**** RECORD EXCERPTS ****
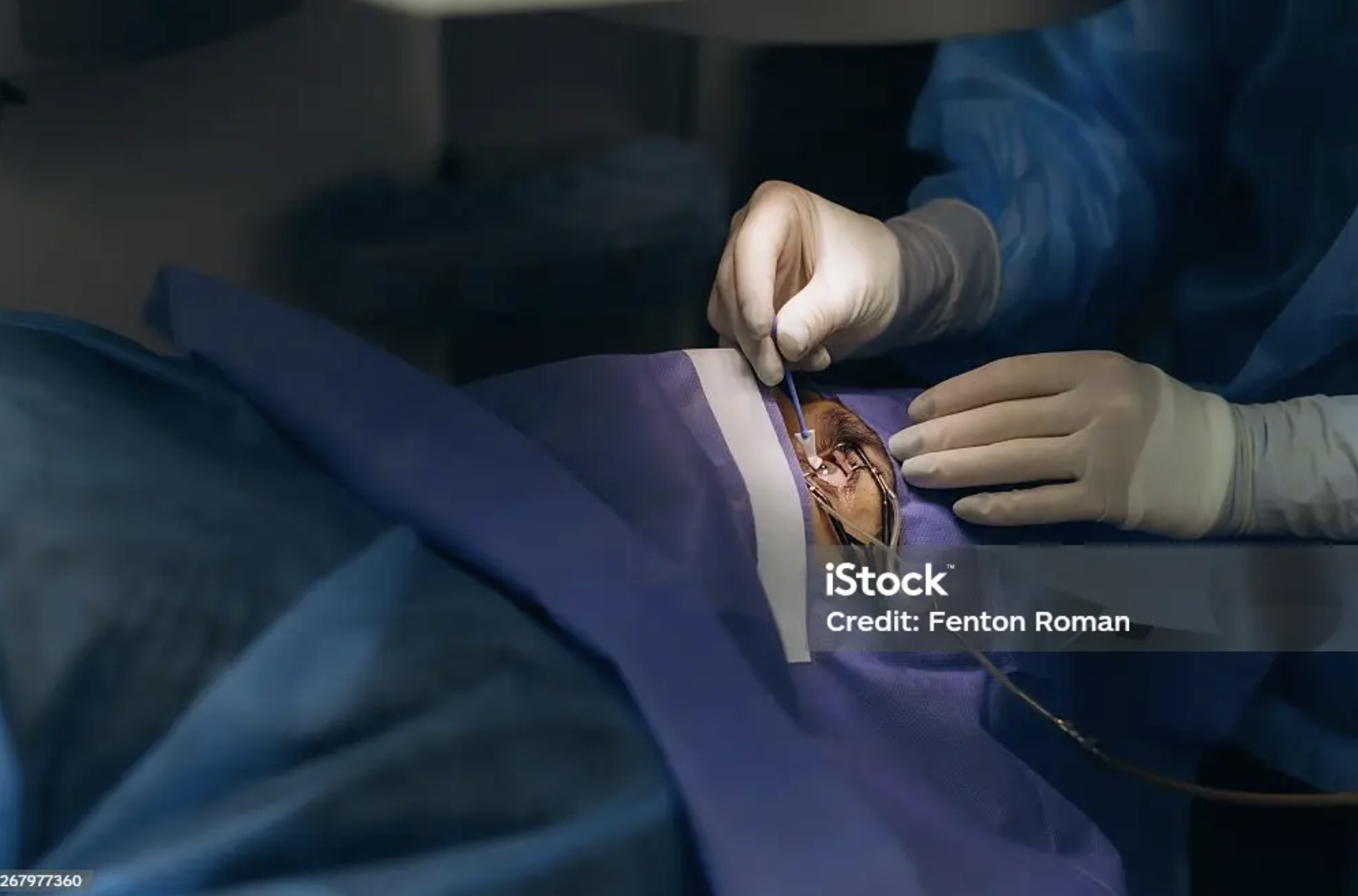 Laser Treatment — clinical photo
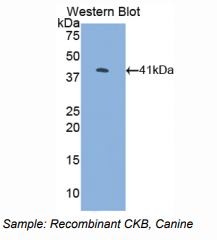 https://msimg.bioon.com/bionline/goods-no-pic.png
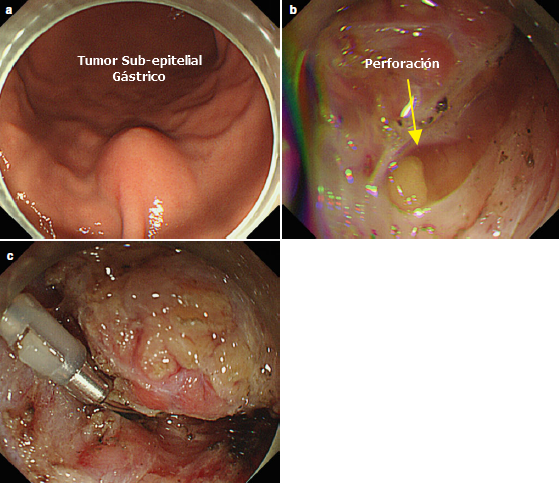 Perforación de Estómago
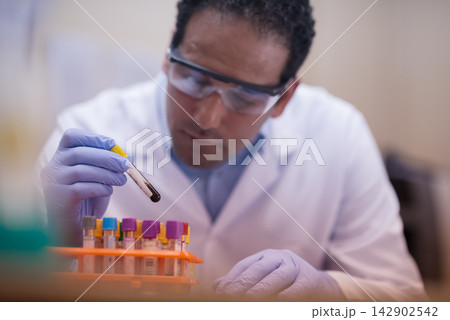 Lab technician carefully handling blood test sample in clinical laboratory wearing gloves and goggles 142902542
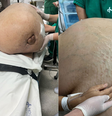 A paciente só procurou ajuda médica pois estava sentindo dificuldade de respirar  Foto: Reprodução/ Instagram: @drglaucioboechat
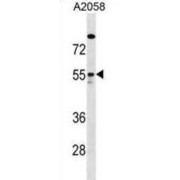 abx030592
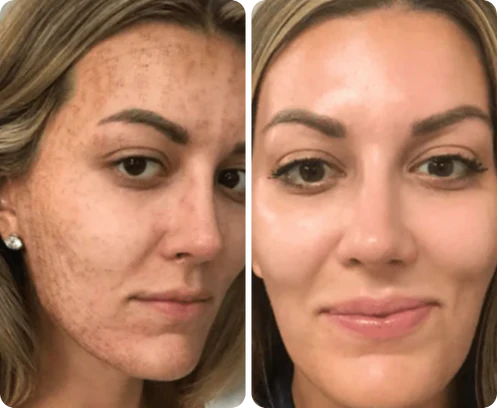 Antes e depois de Marta Lourenço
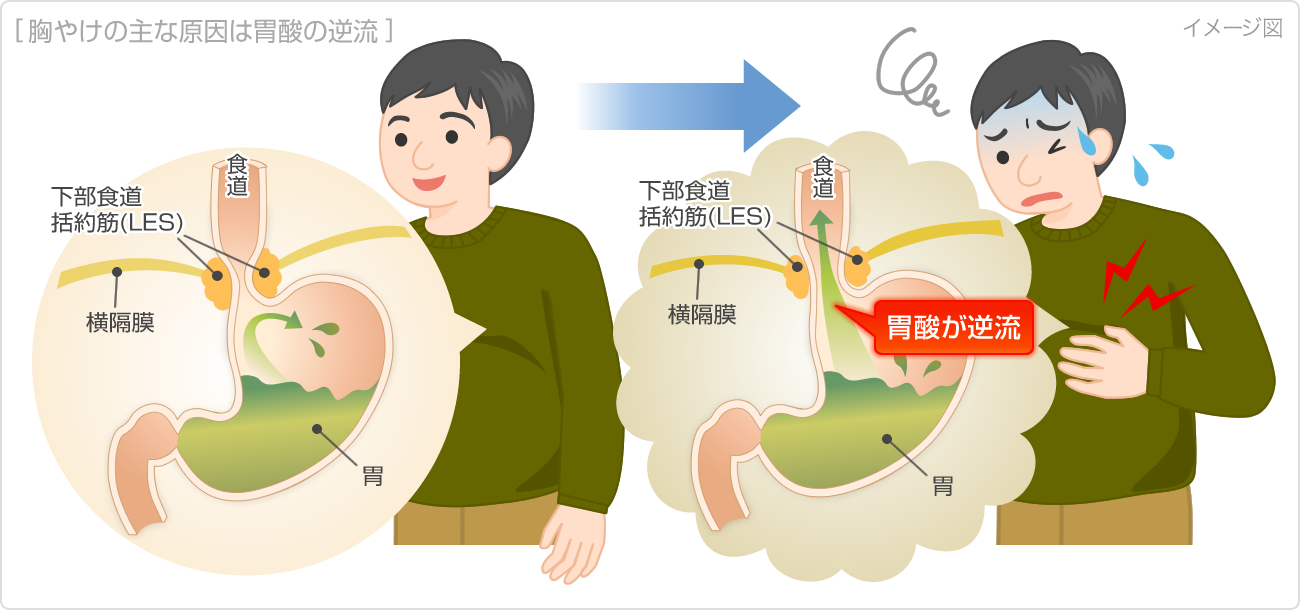 胃がむかむかする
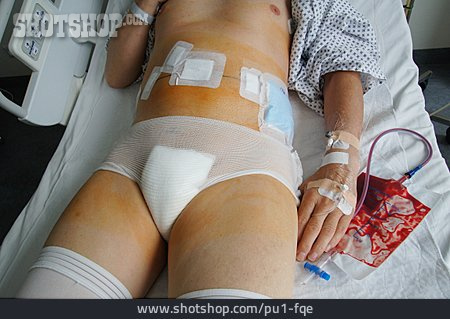 
                Accident, Surgery, Abdominal Surgery                   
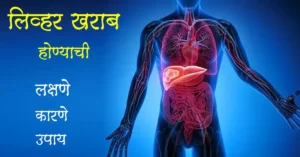 Read more about the article लिव्हर खराब होण्याची लक्षणे | कारणे – Best 7 remedies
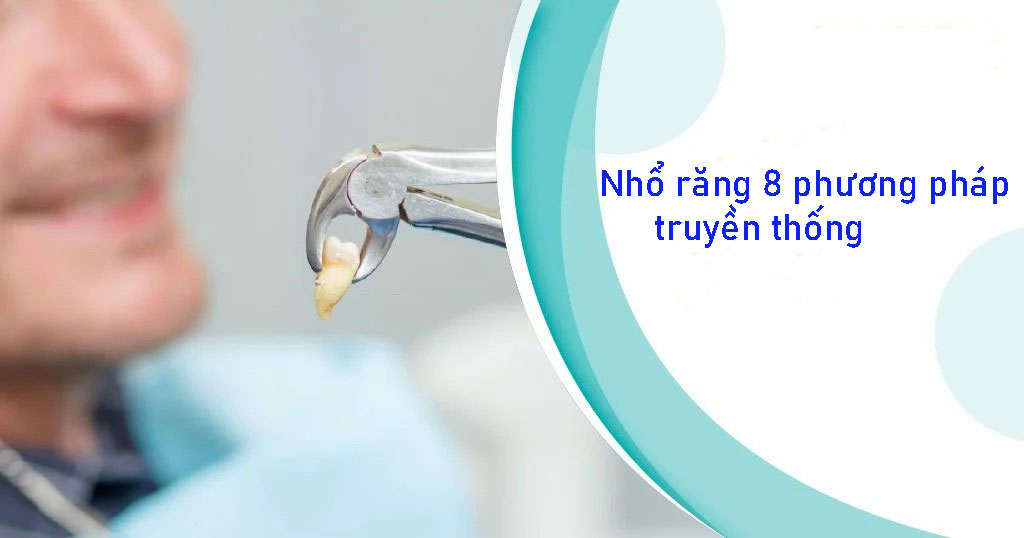 Nhổ răng 8 bằng phương pháp truyền thống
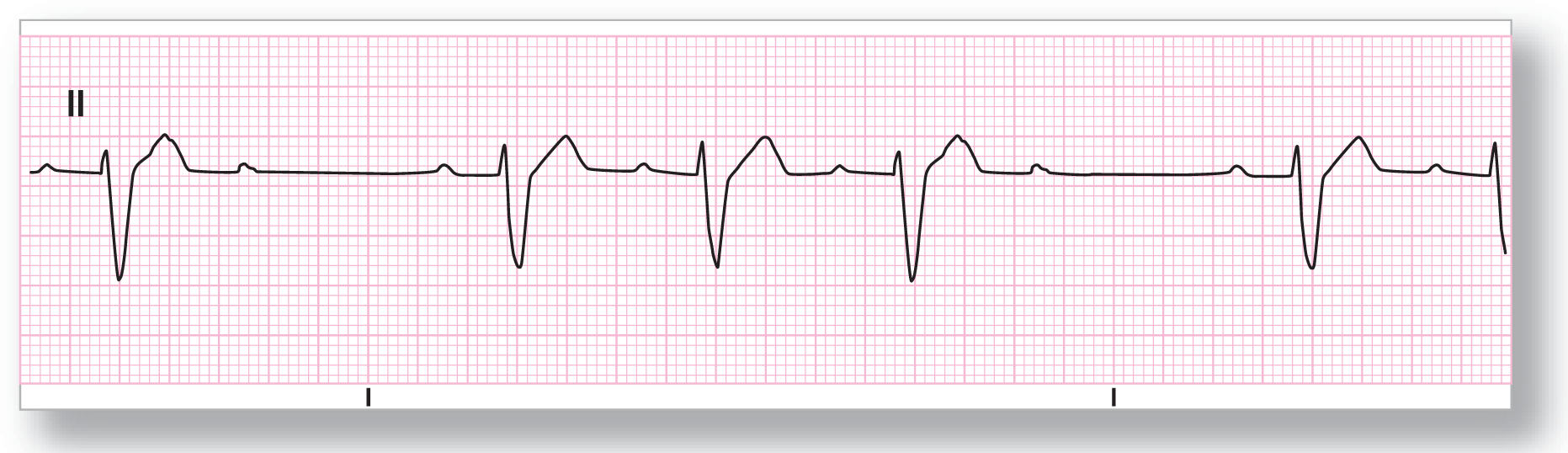 A rhythm strip from lead 2 shows an imperceptible peak of the P wave, a wide dip of the QRS complex, and a wide and curved peak of the T wave. The complex represents 4-to-3 conduction.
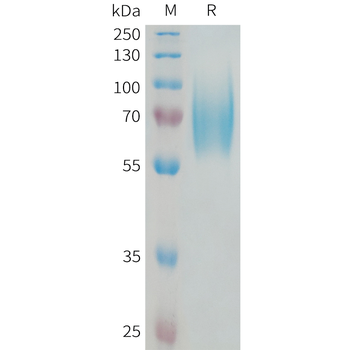 Human MMP9(32-488) Protein, hFc Tag
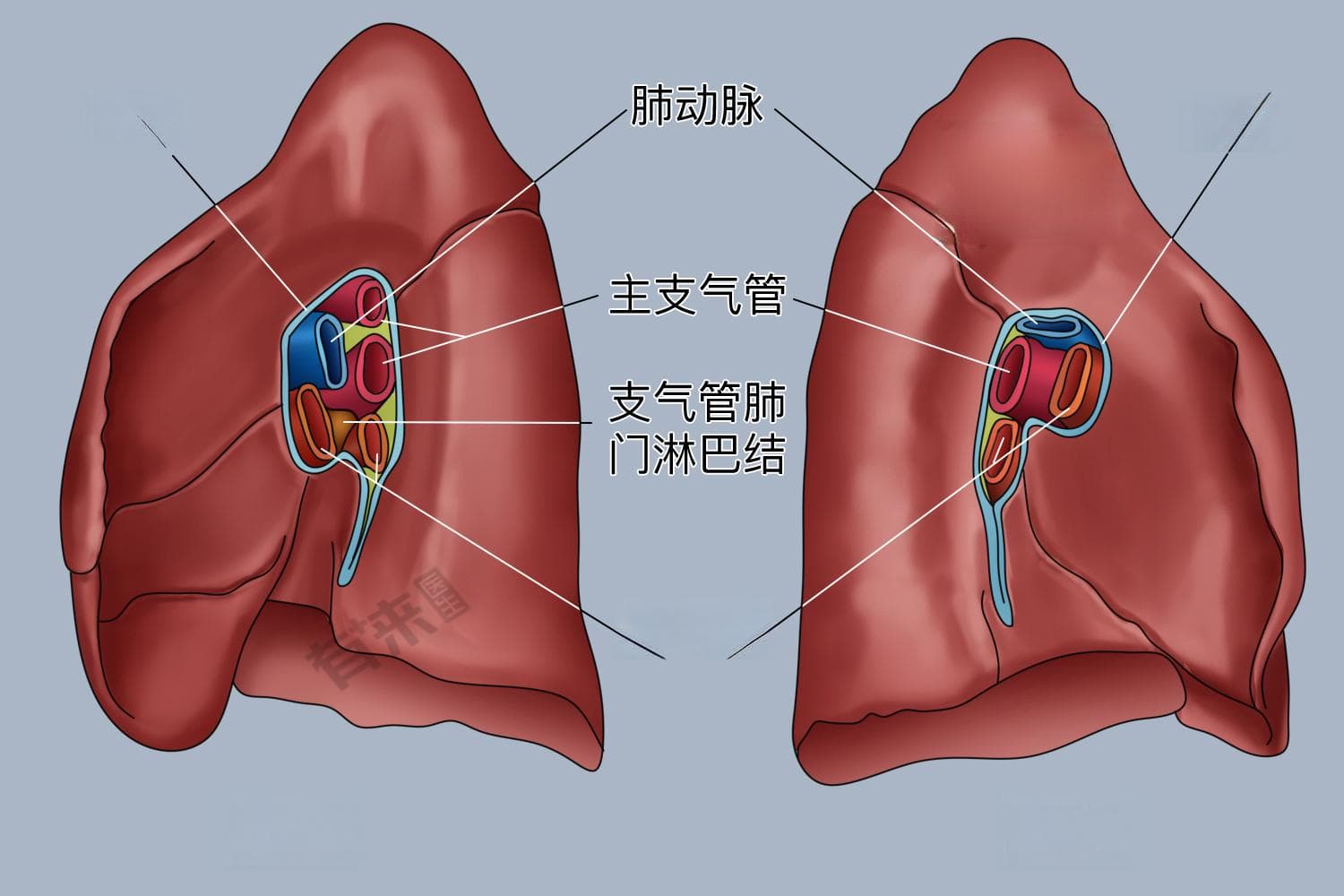 双肺纹理增粗：原因、诊断与治疗全解析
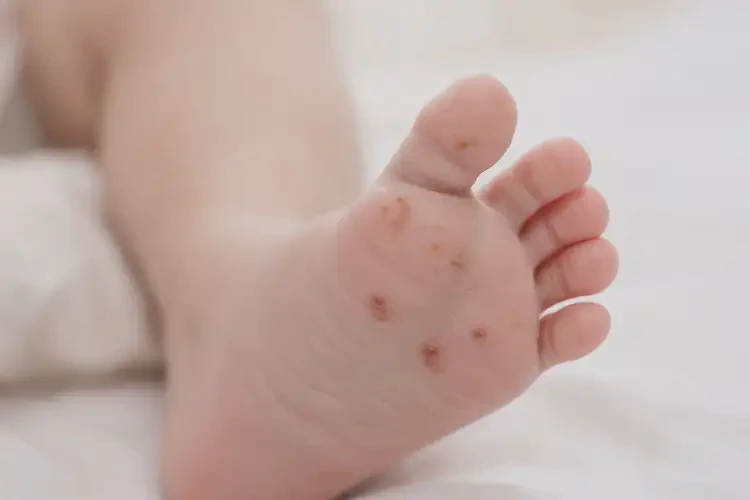 寶寶腳上容易長濕疹不管它會自己自愈嗎(圖4)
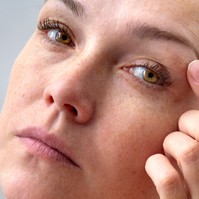 Fáradtság és stressz: ezt teszi a szemhéj izmaival - ebben az esetben forduljon szakorvoshoz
****
PROBLEM STATEMENT:
Nothing but the lines from the line holding "Perforación de Estómago" through the last line of the entries above is to be reproduced, exactly and without pictures.

RESPONSE TO THIS EXERCISE:
 Perforación de Estómago
 Lab technician carefully handling blood test sample in clinical laboratory wearing gloves and goggles 142902542
 A paciente só procurou ajuda médica pois estava sentindo dificuldade de respirar  Foto: Reprodução/ Instagram: @drglaucioboechat
 abx030592
 Antes e depois de Marta Lourenço
 胃がむかむかする
                Accident, Surgery, Abdominal Surgery                   
 Read more about the article लिव्हर खराब होण्याची लक्षणे | कारणे – Best 7 remedies
 Nhổ răng 8 bằng phương pháp truyền thống
 A rhythm strip from lead 2 shows an imperceptible peak of the P wave, a wide dip of the QRS complex, and a wide and curved peak of the T wave. The complex represents 4-to-3 conduction.
 Human MMP9(32-488) Protein, hFc Tag
 双肺纹理增粗：原因、诊断与治疗全解析
 寶寶腳上容易長濕疹不管它會自己自愈嗎(圖4)
 Fáradtság és stressz: ezt teszi a szemhéj izmaival - ebben az esetben forduljon szakorvoshoz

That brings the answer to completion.